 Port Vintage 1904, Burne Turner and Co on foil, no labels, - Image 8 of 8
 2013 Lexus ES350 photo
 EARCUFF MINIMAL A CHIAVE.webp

::::

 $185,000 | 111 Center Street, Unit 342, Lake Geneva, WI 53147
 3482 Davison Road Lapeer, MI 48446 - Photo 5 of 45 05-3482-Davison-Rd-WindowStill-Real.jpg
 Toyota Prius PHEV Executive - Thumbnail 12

::::

■ **PROBLEM**: Go through the listing above and write out exactly the lines starting with the one holding "3482 Davison Road" and running through the one holding "Toyota Prius PHEV Executive - Thumbnail 12", ends included, and no others.

■ **WRITTEN REPLY**:
 3482 Davison Road Lapeer, MI 48446 - Photo 5 of 45 05-3482-Davison-Rd-WindowStill-Real.jpg
 Toyota Prius PHEV Executive - Thumbnail 12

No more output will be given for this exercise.